### How to complete this task
Your copy of the data should match it exactly, except that the pictures are gone.

*** Records to use Section Begins ***

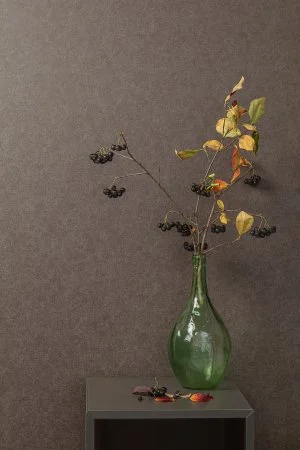 Обои Loymina Shade vol.2 SDR5, 010 в Набережных Челнах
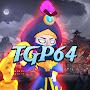 @MasterTGP64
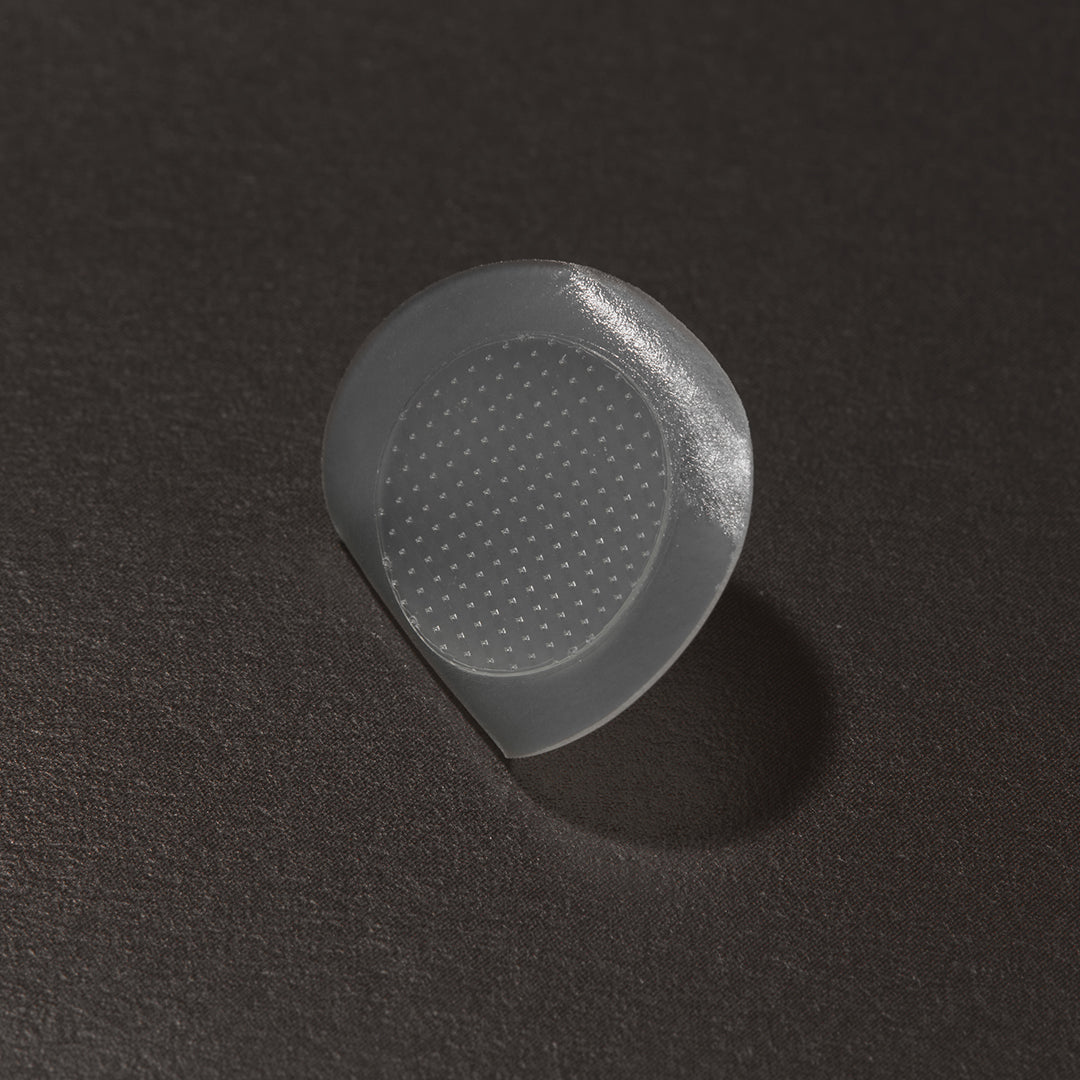 deep-vita-c-patch-w6 MicrosoftTeams-image_12.jpg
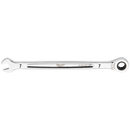 Milwaukee 45-96-9307 7MM Ratcheting Combination Wrench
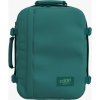 CabinZero Classic 28L Meadow Green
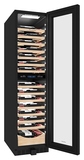 Винный шкаф Libhof Sommelier SMD-105 Black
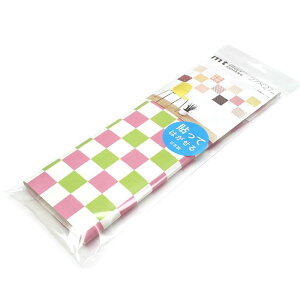 CNV[g XNGA mt casa REMAKE SHEET SQUARE `FbJ[ sN×CG[O[ MTCARS015 270mm×270mm DIY JH LN s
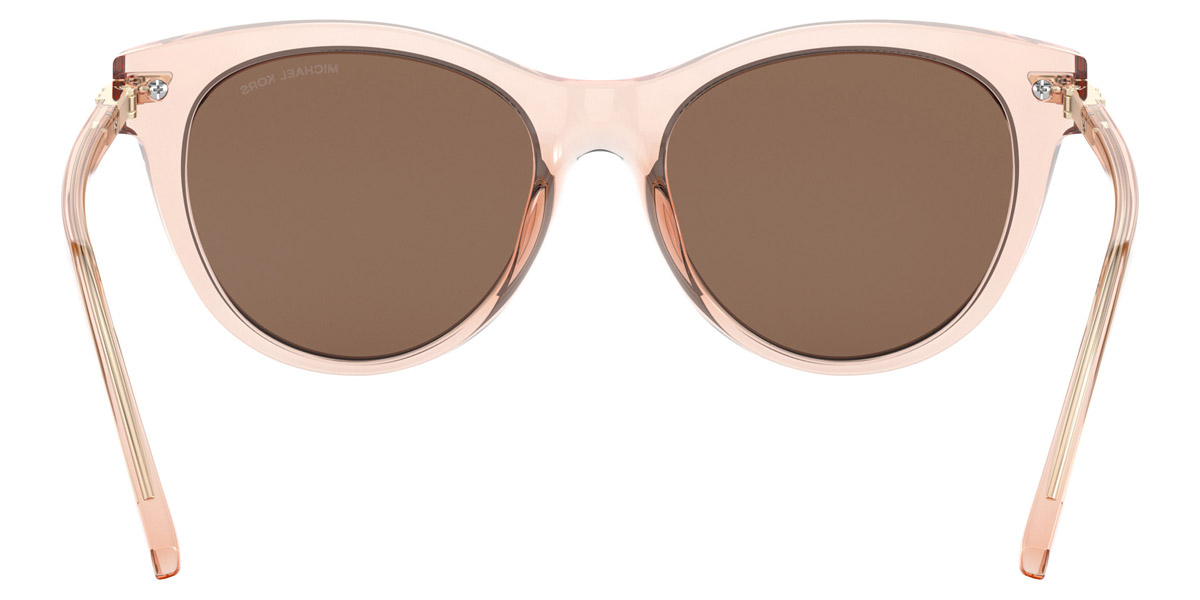 Michael Kors™ - Bar Harbor MK2112U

*** Records to use Section Ends ***

### Output for this exercise
 Обои Loymina Shade vol.2 SDR5, 010 в Набережных Челнах
 @MasterTGP64
 deep-vita-c-patch-w6 MicrosoftTeams-image_12.jpg
 Milwaukee 45-96-9307 7MM Ratcheting Combination Wrench
 CabinZero Classic 28L Meadow Green
 Винный шкаф Libhof Sommelier SMD-105 Black
 CNV[g XNGA mt casa REMAKE SHEET SQUARE `FbJ[ sN×CG[O[ MTCARS015 270mm×270mm DIY JH LN s
 Michael Kors™ - Bar Harbor MK2112U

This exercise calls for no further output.